**Extracted records:**

****************************************

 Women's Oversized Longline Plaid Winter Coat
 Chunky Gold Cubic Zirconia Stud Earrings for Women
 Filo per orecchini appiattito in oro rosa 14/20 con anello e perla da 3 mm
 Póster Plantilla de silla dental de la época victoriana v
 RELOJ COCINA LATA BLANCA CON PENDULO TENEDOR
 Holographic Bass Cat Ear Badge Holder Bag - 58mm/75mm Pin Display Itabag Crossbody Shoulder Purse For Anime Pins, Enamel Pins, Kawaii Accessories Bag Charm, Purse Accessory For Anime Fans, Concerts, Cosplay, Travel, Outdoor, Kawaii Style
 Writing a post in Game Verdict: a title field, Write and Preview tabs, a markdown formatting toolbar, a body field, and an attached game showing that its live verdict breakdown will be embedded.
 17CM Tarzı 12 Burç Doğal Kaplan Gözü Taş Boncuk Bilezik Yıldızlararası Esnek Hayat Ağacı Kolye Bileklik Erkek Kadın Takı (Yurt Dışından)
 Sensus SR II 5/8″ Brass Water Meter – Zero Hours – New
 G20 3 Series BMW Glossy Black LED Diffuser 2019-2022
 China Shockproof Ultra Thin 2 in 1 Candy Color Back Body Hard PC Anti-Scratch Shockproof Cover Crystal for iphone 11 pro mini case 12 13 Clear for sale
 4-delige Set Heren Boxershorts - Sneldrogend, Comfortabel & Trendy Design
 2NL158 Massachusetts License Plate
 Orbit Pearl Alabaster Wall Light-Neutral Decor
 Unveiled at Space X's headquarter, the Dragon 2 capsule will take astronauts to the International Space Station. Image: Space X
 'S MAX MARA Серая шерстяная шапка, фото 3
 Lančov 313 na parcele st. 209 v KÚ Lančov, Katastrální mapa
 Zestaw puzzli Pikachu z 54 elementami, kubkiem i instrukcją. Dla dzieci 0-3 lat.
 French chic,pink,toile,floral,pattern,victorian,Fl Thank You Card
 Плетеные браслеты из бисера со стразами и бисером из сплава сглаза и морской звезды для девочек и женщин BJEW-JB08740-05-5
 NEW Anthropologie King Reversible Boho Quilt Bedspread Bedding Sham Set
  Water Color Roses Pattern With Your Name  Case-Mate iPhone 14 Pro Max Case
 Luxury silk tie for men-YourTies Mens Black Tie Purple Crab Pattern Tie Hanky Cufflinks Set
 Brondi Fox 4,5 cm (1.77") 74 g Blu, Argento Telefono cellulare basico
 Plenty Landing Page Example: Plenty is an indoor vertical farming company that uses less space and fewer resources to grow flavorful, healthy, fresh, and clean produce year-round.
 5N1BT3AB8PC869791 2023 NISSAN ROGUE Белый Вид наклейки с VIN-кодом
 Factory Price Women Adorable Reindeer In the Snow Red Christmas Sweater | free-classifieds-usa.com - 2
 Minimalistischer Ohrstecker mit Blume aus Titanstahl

****************************************

Please take the whole listing and write it out exactly.

**Your solution:**
 Women's Oversized Longline Plaid Winter Coat
 Chunky Gold Cubic Zirconia Stud Earrings for Women
 Filo per orecchini appiattito in oro rosa 14/20 con anello e perla da 3 mm
 Póster Plantilla de silla dental de la época victoriana v
 RELOJ COCINA LATA BLANCA CON PENDULO TENEDOR
 Holographic Bass Cat Ear Badge Holder Bag - 58mm/75mm Pin Display Itabag Crossbody Shoulder Purse For Anime Pins, Enamel Pins, Kawaii Accessories Bag Charm, Purse Accessory For Anime Fans, Concerts, Cosplay, Travel, Outdoor, Kawaii Style
 Writing a post in Game Verdict: a title field, Write and Preview tabs, a markdown formatting toolbar, a body field, and an attached game showing that its live verdict breakdown will be embedded.
 17CM Tarzı 12 Burç Doğal Kaplan Gözü Taş Boncuk Bilezik Yıldızlararası Esnek Hayat Ağacı Kolye Bileklik Erkek Kadın Takı (Yurt Dışından)
 Sensus SR II 5/8″ Brass Water Meter – Zero Hours – New
 G20 3 Series BMW Glossy Black LED Diffuser 2019-2022
 China Shockproof Ultra Thin 2 in 1 Candy Color Back Body Hard PC Anti-Scratch Shockproof Cover Crystal for iphone 11 pro mini case 12 13 Clear for sale
 4-delige Set Heren Boxershorts - Sneldrogend, Comfortabel & Trendy Design
 2NL158 Massachusetts License Plate
 Orbit Pearl Alabaster Wall Light-Neutral Decor
 Unveiled at Space X's headquarter, the Dragon 2 capsule will take astronauts to the International Space Station. Image: Space X
 'S MAX MARA Серая шерстяная шапка, фото 3
 Lančov 313 na parcele st. 209 v KÚ Lančov, Katastrální mapa
 Zestaw puzzli Pikachu z 54 elementami, kubkiem i instrukcją. Dla dzieci 0-3 lat.
 French chic,pink,toile,floral,pattern,victorian,Fl Thank You Card
 Плетеные браслеты из бисера со стразами и бисером из сплава сглаза и морской звезды для девочек и женщин BJEW-JB08740-05-5
 NEW Anthropologie King Reversible Boho Quilt Bedspread Bedding Sham Set
  Water Color Roses Pattern With Your Name  Case-Mate iPhone 14 Pro Max Case
 Luxury silk tie for men-YourTies Mens Black Tie Purple Crab Pattern Tie Hanky Cufflinks Set
 Brondi Fox 4,5 cm (1.77") 74 g Blu, Argento Telefono cellulare basico
 Plenty Landing Page Example: Plenty is an indoor vertical farming company that uses less space and fewer resources to grow flavorful, healthy, fresh, and clean produce year-round.
 5N1BT3AB8PC869791 2023 NISSAN ROGUE Белый Вид наклейки с VIN-кодом
 Factory Price Women Adorable Reindeer In the Snow Red Christmas Sweater | free-classifieds-usa.com - 2
 Minimalistischer Ohrstecker mit Blume aus Titanstahl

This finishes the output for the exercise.